Et on enchaine avec le karma et la réincarnation, présentés comme des faits. Ces deux concepts, liés ensemble, font tristement penser au péché originel occidental : nous naitrions avec une dette karmique, héritée de nos vies passées, qui serait l'explication des évènements négatifs de l'existence. De plus, le karma apparait comme une négation du hasard : la classique hypertrophie du principe de causalité que l'on semble retrouver dans toutes les religions : « Nothing happens by chance, and everything is driven by karma » (p.93). L'humain, paniqué par l'absurde, se construit des histoires consolatrices. Et, exactement comme les divers missionnaires chrétiens avec qui, quand ils m'abordent dans la rue, je prends grand plaisir à m'entretenir vivement (et stérilement), Michie va jusqu'à prétendre en des termes on ne peut plus vagues que la science confirme ses croyances (p.184). 

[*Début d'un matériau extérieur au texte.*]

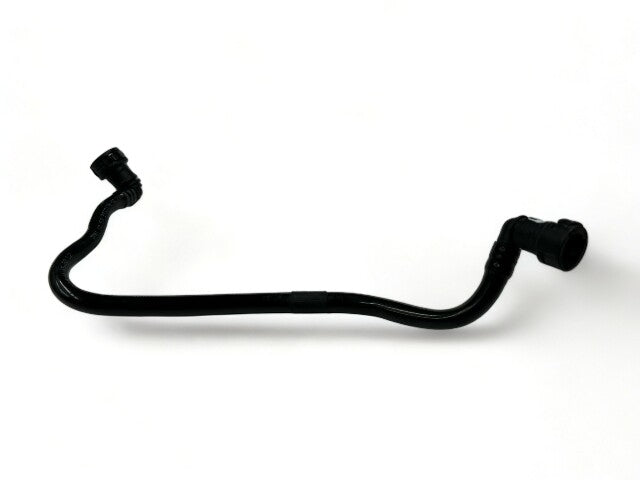 Mini Cooper S JCW Fuel Tank Breather Valve Vent Pipe 16122753136 07-15 N14 N18 R5x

Comme pour le miracle de la guérison de son amie, l'auteur enchaine avec d'autres miracles réalisés à l'occasion de la mort de grands bouddhistes. Bien entendu, sans la moindre source. Il mentionne longuement un cas de réincarnation comme si c'était un fait avéré, alors qu'un moine est activement à la recherche de la réincarnation d'un autre. Bien sûr qu'il va finir par trouver un gamin avec des prédispositions pour l'ascèse et l'étude, surtout quand celui-ci, comme c'est précisé, est le fils de parents qui fantasment sur l'idée que leur enfant soit un sage réincarné.

Petit exemple de fin. L'auteur affirme qu'il est impossible d'imaginer qui que ce soit de plus heureux que le Dalai Lama (p.118). Mais sur quelle base affirmer quelque chose d'aussi gros ? Simplement la foi. Le monde devient donc ce que désire l'esprit. Je ne sais pas si c'est un accomplissement bouddhiste, mais cela ne me semble guère désirable.